Output every line from the beginning of the records through the line that contains "3 panels flying dutchman canvas art", exactly as it appears.
========================
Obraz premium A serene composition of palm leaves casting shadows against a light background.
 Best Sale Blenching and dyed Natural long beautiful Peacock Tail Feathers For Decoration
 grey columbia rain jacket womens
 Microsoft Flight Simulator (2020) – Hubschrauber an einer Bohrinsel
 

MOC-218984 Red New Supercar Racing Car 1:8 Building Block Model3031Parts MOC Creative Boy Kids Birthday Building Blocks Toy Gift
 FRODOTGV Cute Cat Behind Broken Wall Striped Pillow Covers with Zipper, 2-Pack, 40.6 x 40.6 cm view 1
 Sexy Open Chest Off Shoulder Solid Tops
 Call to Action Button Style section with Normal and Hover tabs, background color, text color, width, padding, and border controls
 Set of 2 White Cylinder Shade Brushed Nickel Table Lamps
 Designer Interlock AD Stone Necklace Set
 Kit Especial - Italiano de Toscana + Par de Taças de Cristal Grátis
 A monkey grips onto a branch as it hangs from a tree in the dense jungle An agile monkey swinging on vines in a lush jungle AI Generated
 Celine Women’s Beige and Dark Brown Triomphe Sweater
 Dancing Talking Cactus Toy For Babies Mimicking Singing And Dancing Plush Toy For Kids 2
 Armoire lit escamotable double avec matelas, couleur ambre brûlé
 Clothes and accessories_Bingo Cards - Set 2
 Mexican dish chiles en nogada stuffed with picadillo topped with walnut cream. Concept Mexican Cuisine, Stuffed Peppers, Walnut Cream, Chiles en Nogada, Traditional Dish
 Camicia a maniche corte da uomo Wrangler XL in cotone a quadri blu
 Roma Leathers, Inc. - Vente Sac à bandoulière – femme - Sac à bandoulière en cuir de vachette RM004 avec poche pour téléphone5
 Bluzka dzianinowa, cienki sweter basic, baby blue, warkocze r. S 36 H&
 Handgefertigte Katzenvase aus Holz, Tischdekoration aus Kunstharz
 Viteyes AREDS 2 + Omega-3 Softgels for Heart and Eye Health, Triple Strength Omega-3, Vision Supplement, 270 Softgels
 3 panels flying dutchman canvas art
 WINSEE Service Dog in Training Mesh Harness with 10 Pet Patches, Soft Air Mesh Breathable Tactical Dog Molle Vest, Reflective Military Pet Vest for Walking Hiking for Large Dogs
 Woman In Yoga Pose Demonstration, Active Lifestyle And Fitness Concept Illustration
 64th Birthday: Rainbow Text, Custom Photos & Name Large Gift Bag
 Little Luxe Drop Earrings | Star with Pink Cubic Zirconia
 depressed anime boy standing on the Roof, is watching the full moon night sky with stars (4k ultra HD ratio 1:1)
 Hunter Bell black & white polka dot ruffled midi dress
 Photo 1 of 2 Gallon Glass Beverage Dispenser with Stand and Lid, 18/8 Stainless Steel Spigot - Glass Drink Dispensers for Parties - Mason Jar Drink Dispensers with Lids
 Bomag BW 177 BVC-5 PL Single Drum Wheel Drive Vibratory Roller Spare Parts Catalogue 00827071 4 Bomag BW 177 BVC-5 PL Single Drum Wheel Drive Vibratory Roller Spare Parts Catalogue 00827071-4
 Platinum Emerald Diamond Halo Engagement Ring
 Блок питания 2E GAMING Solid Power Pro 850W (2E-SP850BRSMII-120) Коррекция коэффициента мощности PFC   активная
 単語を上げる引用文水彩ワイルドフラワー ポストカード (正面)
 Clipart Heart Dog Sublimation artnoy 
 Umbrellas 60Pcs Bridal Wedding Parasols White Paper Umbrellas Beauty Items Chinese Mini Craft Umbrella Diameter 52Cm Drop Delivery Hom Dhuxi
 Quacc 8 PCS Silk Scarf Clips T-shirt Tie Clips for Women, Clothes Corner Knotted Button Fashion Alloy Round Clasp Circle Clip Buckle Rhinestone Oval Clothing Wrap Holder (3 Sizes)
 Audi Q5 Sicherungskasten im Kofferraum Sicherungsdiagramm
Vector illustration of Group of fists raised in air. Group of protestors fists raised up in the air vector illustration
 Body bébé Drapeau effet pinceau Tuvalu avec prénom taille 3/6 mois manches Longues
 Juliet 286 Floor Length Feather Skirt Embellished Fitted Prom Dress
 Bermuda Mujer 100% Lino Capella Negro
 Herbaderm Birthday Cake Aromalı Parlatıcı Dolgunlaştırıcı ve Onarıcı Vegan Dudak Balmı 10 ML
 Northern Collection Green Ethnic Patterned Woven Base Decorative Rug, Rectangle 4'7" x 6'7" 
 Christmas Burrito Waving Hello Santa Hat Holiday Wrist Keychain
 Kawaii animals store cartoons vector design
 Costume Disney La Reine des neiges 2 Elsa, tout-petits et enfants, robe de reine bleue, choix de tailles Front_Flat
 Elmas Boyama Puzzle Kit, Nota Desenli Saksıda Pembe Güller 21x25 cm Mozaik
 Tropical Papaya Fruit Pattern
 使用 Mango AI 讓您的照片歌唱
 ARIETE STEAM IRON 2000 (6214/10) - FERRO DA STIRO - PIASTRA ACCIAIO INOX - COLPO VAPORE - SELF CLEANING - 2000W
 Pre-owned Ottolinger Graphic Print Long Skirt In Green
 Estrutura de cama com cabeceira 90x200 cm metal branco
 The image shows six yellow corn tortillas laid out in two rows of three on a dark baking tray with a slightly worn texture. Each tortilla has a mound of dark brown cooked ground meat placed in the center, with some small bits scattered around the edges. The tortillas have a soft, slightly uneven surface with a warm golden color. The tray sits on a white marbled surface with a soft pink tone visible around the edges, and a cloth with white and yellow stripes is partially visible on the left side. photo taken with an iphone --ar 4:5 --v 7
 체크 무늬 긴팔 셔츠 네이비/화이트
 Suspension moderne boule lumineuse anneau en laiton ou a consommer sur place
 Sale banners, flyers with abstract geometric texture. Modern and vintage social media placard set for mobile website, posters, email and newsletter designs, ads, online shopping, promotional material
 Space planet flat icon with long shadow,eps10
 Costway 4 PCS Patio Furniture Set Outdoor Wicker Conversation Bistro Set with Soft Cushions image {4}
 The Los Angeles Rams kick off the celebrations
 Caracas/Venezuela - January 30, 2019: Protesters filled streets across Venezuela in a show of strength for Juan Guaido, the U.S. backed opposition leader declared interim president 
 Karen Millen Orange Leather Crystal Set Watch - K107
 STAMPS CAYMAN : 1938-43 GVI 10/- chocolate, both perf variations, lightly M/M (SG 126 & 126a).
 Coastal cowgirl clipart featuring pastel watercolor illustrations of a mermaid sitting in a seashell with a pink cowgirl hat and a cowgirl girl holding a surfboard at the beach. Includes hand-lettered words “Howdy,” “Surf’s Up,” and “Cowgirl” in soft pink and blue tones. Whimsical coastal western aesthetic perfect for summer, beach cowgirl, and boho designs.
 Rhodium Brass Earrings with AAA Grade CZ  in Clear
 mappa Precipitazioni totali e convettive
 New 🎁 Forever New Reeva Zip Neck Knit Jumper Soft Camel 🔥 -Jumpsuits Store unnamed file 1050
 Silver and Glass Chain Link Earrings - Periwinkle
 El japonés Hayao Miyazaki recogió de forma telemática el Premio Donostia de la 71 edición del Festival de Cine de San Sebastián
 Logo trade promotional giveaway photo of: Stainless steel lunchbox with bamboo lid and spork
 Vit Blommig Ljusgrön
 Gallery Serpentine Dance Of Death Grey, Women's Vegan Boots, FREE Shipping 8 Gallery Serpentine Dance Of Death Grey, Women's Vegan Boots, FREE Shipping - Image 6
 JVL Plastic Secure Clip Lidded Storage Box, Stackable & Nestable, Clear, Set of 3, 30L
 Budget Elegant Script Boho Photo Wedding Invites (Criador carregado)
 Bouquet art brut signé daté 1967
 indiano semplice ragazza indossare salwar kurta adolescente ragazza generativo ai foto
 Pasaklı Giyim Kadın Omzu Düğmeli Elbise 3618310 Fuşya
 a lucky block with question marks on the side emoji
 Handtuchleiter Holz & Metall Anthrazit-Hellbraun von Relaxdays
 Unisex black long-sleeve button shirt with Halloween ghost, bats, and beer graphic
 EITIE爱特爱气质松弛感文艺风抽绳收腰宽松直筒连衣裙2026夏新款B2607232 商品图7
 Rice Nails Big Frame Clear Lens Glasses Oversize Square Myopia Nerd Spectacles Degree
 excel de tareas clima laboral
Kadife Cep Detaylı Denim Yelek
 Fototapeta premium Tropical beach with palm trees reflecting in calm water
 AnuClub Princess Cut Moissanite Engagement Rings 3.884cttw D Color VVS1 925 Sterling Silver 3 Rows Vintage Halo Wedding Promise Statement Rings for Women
========================
= Problem solution =
Obraz premium A serene composition of palm leaves casting shadows against a light background.
 Best Sale Blenching and dyed Natural long beautiful Peacock Tail Feathers For Decoration
 grey columbia rain jacket womens
 Microsoft Flight Simulator (2020) – Hubschrauber an einer Bohrinsel
 

MOC-218984 Red New Supercar Racing Car 1:8 Building Block Model3031Parts MOC Creative Boy Kids Birthday Building Blocks Toy Gift
 FRODOTGV Cute Cat Behind Broken Wall Striped Pillow Covers with Zipper, 2-Pack, 40.6 x 40.6 cm view 1
 Sexy Open Chest Off Shoulder Solid Tops
 Call to Action Button Style section with Normal and Hover tabs, background color, text color, width, padding, and border controls
 Set of 2 White Cylinder Shade Brushed Nickel Table Lamps
 Designer Interlock AD Stone Necklace Set
 Kit Especial - Italiano de Toscana + Par de Taças de Cristal Grátis
 A monkey grips onto a branch as it hangs from a tree in the dense jungle An agile monkey swinging on vines in a lush jungle AI Generated
 Celine Women’s Beige and Dark Brown Triomphe Sweater
 Dancing Talking Cactus Toy For Babies Mimicking Singing And Dancing Plush Toy For Kids 2
 Armoire lit escamotable double avec matelas, couleur ambre brûlé
 Clothes and accessories_Bingo Cards - Set 2
 Mexican dish chiles en nogada stuffed with picadillo topped with walnut cream. Concept Mexican Cuisine, Stuffed Peppers, Walnut Cream, Chiles en Nogada, Traditional Dish
 Camicia a maniche corte da uomo Wrangler XL in cotone a quadri blu
 Roma Leathers, Inc. - Vente Sac à bandoulière – femme - Sac à bandoulière en cuir de vachette RM004 avec poche pour téléphone5
 Bluzka dzianinowa, cienki sweter basic, baby blue, warkocze r. S 36 H&
 Handgefertigte Katzenvase aus Holz, Tischdekoration aus Kunstharz
 Viteyes AREDS 2 + Omega-3 Softgels for Heart and Eye Health, Triple Strength Omega-3, Vision Supplement, 270 Softgels
 3 panels flying dutchman canvas art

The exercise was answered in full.